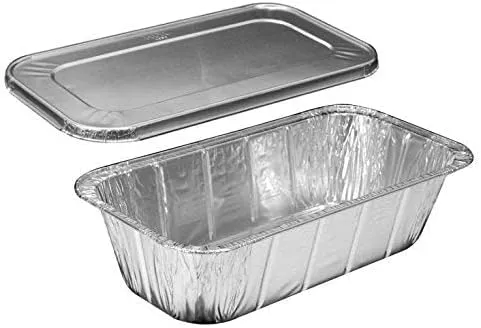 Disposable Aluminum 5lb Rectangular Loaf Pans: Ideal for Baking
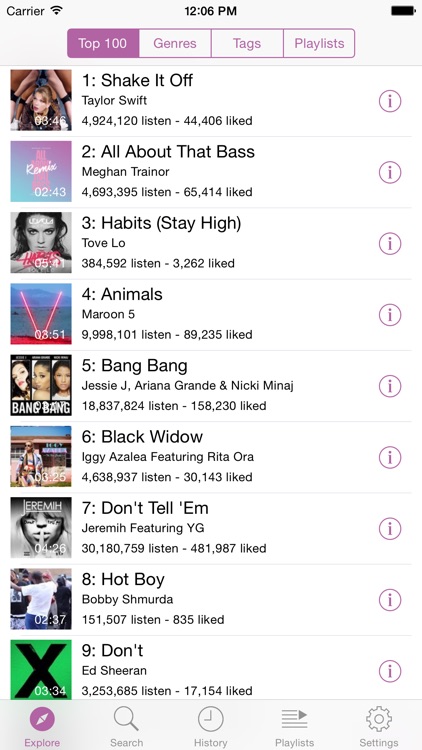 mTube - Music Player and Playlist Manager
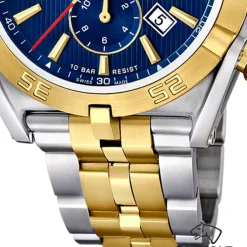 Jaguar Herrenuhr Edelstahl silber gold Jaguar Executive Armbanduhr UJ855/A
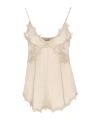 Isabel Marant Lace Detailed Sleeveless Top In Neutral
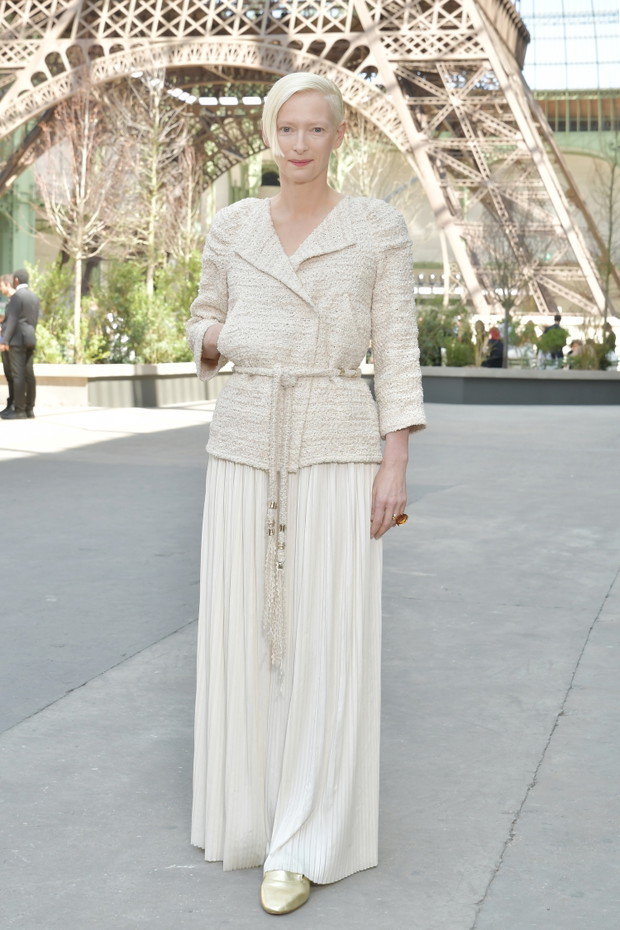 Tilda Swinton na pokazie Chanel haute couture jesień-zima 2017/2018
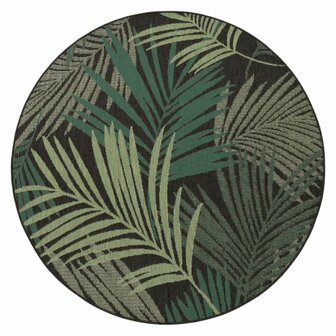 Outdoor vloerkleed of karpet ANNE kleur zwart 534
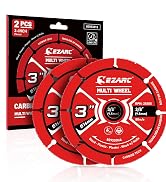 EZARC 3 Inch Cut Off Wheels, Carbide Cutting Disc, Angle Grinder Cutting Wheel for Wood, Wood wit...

##########

(YOUR INSTRUCTIONS)
Excluding every picture, set down the listing exactly.

(WRITTEN REPLY)
 Disposable Aluminum 5lb Rectangular Loaf Pans: Ideal for Baking
 mTube - Music Player and Playlist Manager
 Jaguar Herrenuhr Edelstahl silber gold Jaguar Executive Armbanduhr UJ855/A
 Isabel Marant Lace Detailed Sleeveless Top In Neutral
 Tilda Swinton na pokazie Chanel haute couture jesień-zima 2017/2018
 Outdoor vloerkleed of karpet ANNE kleur zwart 534
 EZARC 3 Inch Cut Off Wheels, Carbide Cutting Disc, Angle Grinder Cutting Wheel for Wood, Wood wit...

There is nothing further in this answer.